### REQUIRED ACTION
With pictures omitted, transcribe exactly the lines from the one containing "Best Ever Oven Beef Tips ingredients in pan" to the end of the records below.
(Beginning of RECORD SET)
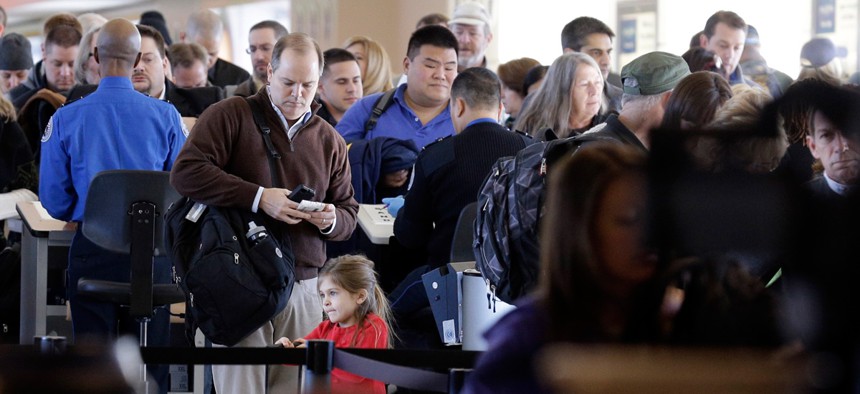 Travelers wait in line to check in at a security checkpoint area at Midway International Airport, Friday, Nov. 21, 2014, in Chicago.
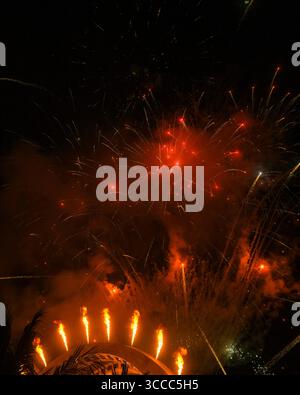Feuerrotes Feuerwerk und Flammenstrahlen brechen während einer Abendfeier über einer Kuppelstruktur aus Stockfoto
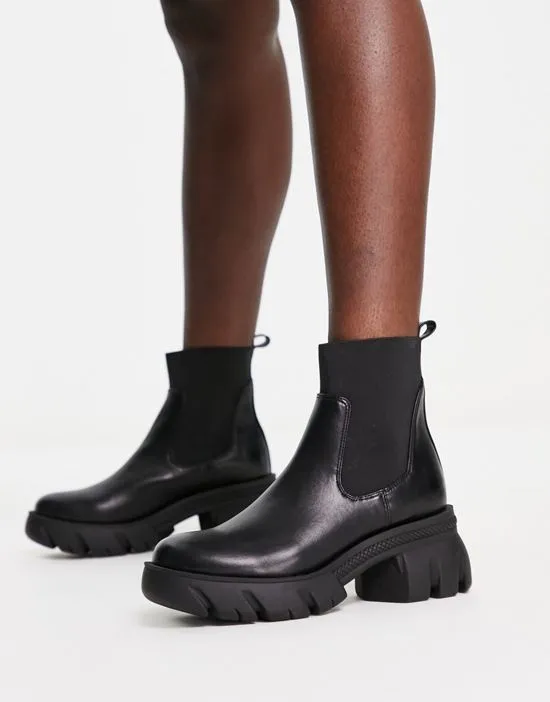 https://images.styletyx.com/images/reed-chunky-chelsea-boots-in-black-asos-design-2801103_1.webp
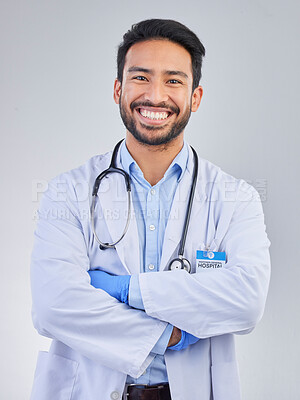 Doctor, man and portrait in a studio with a smile from success, motivation and stethoscope. Happiness, medical consultant and hospital worker with gray background smiling about health and wellness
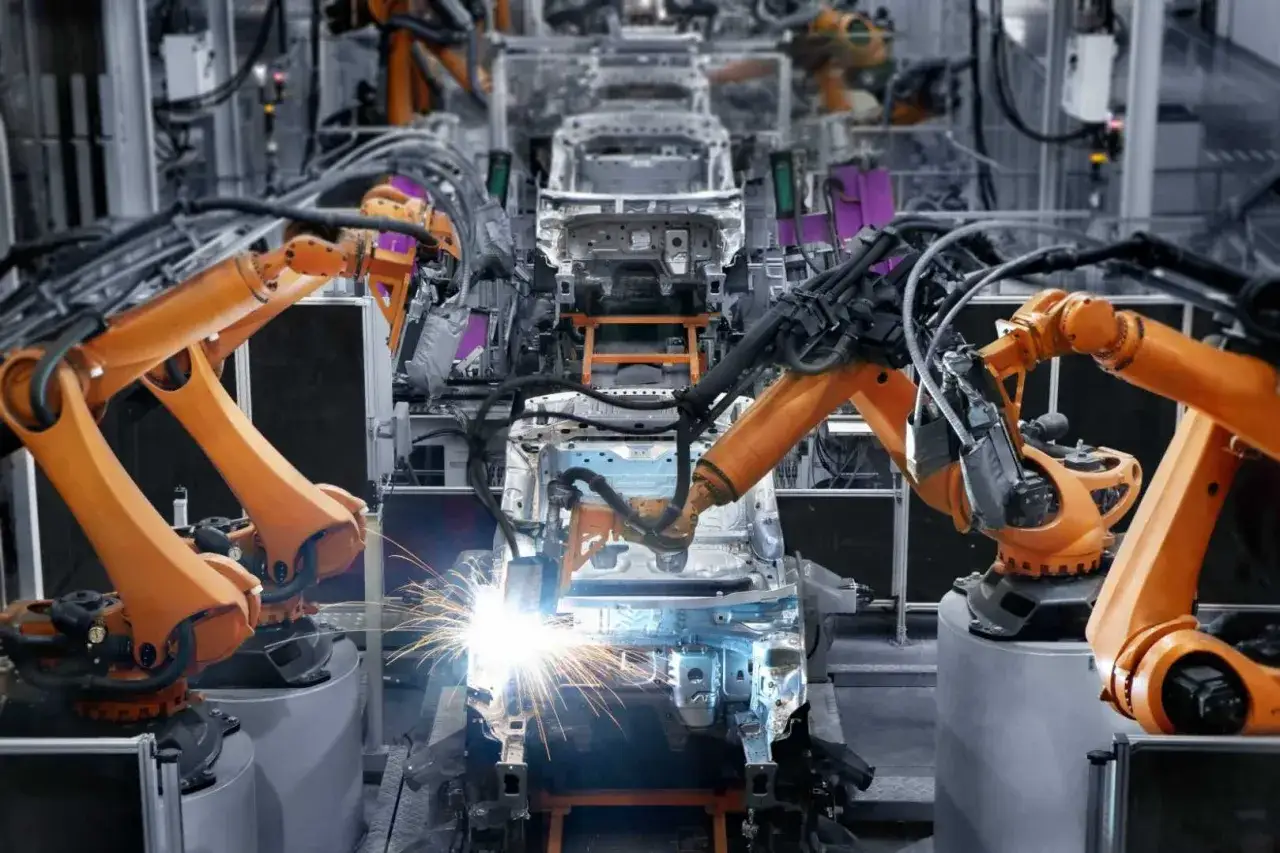 Robotic arms perform welding on a car chassis on an assembly line, showcasing advanced fori automation.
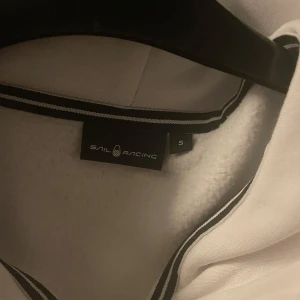 Vit hoodie med dragkedja från Sail Racing - Säljer en stilren vit jacka från Sail Racing med dragkedja och huva. Jackan har en broderad logga på bröstet och praktiska fickor framtill. 
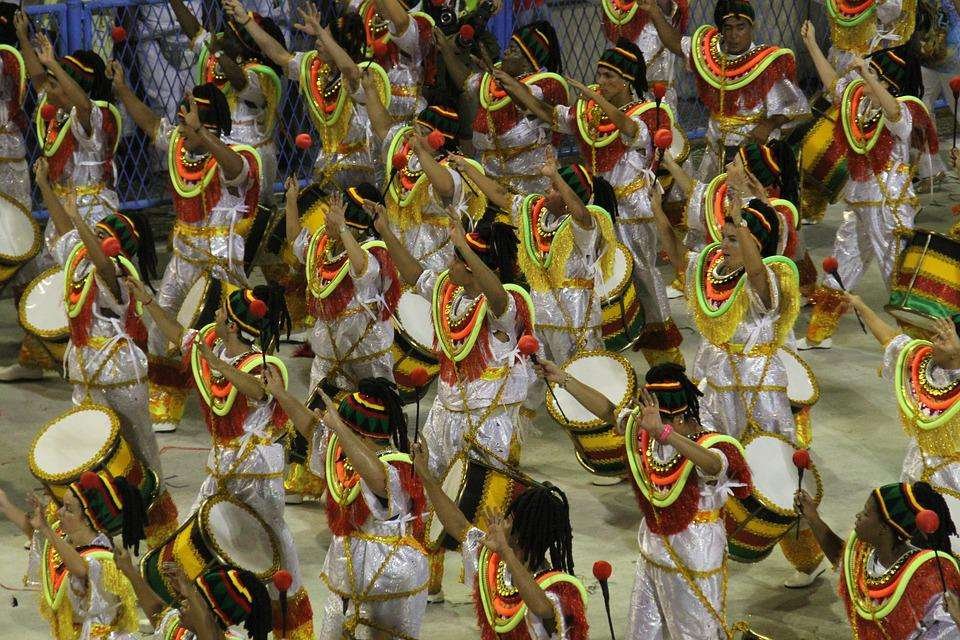 Group of women with cultural attires and drums dancing in Rio Carnival, Rio de Janeiro, Brazil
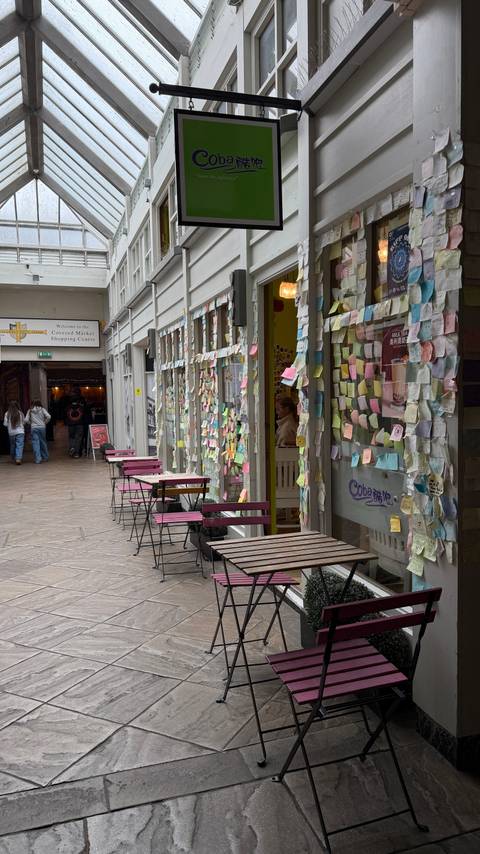 A cosy arcade where café tables face a shopfront plastered with colourful sticky notes and messages.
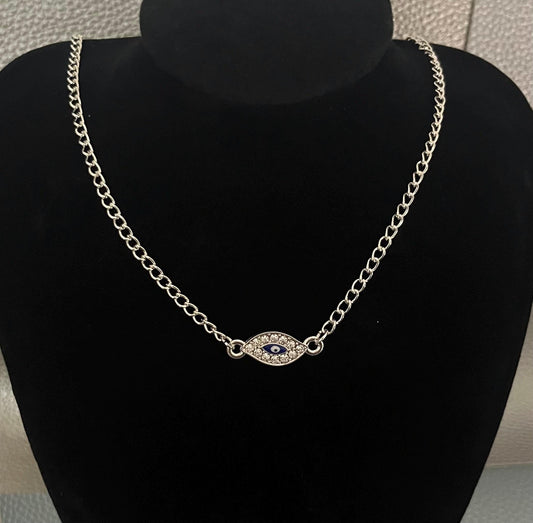Silver Evil Eye diamante necklace featuring a sparkling design for protection and elegance, perfect for everyday wear or special occasions.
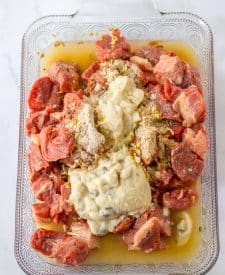 Best Ever Oven Beef Tips ingredients in pan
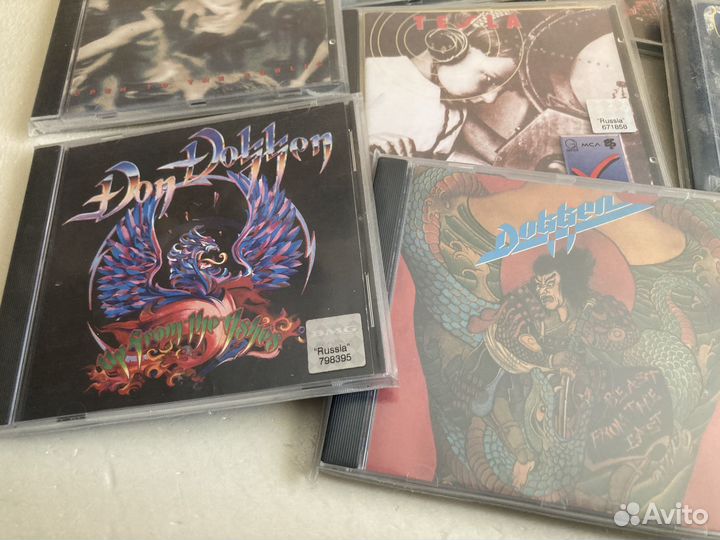 Компакт диски фирма(Tesla-Spread Eagle-Dokken)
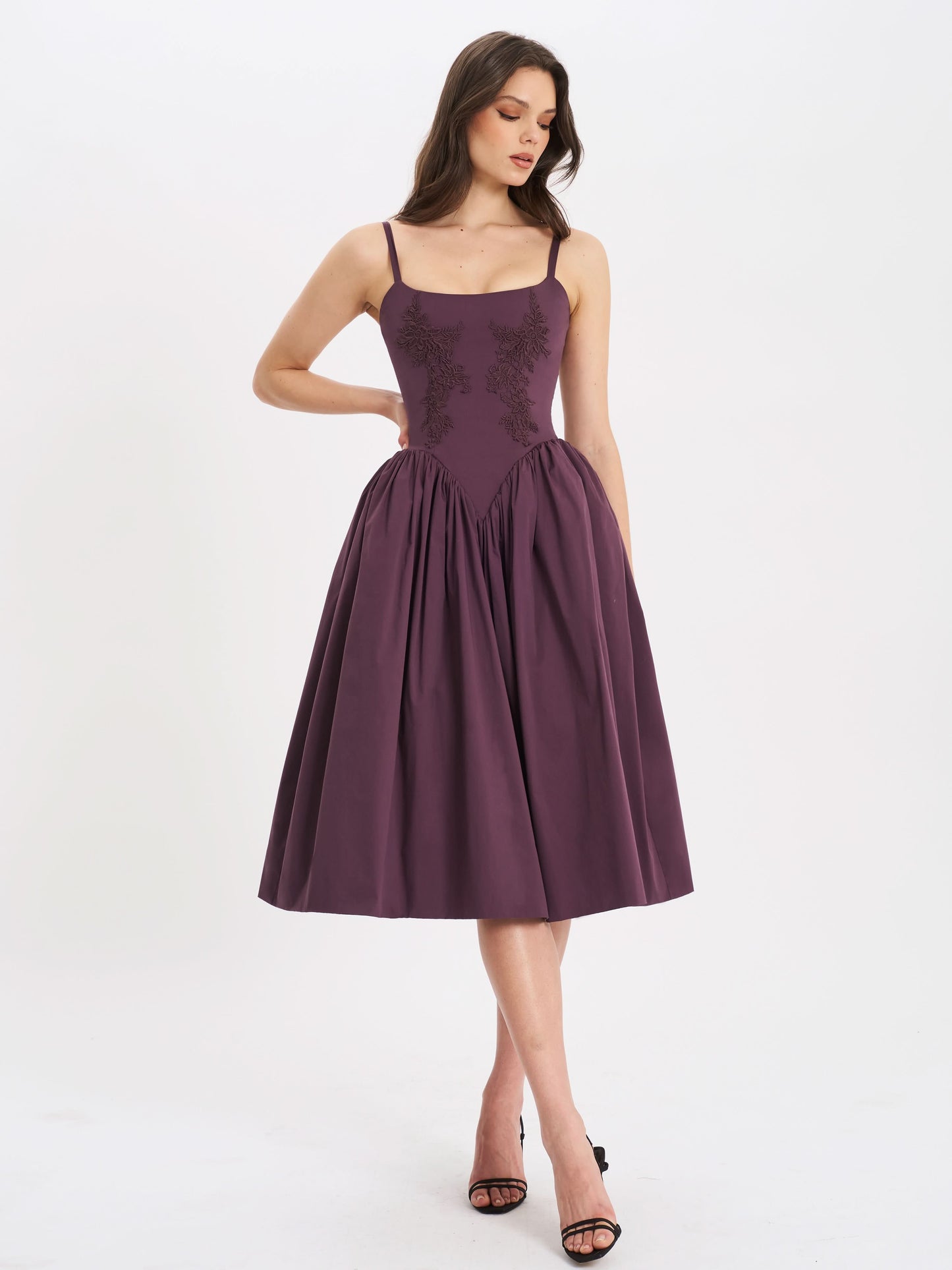 Side angle of purple midi dress showing fitted embroidered bodice and flared skirt
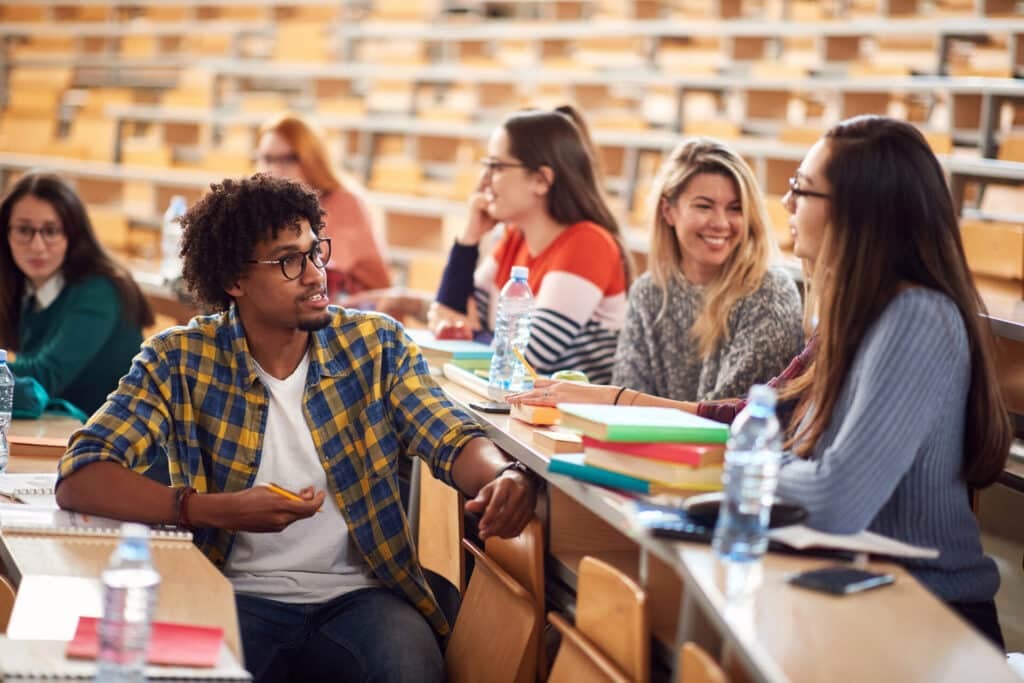 EFL/ESL students talking in a classroom - high STT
(End of RECORD SET)
### RESULT OF THE TASK
 Best Ever Oven Beef Tips ingredients in pan
 Компакт диски фирма(Tesla-Spread Eagle-Dokken)
 Side angle of purple midi dress showing fitted embroidered bodice and flared skirt
 EFL/ESL students talking in a classroom - high STT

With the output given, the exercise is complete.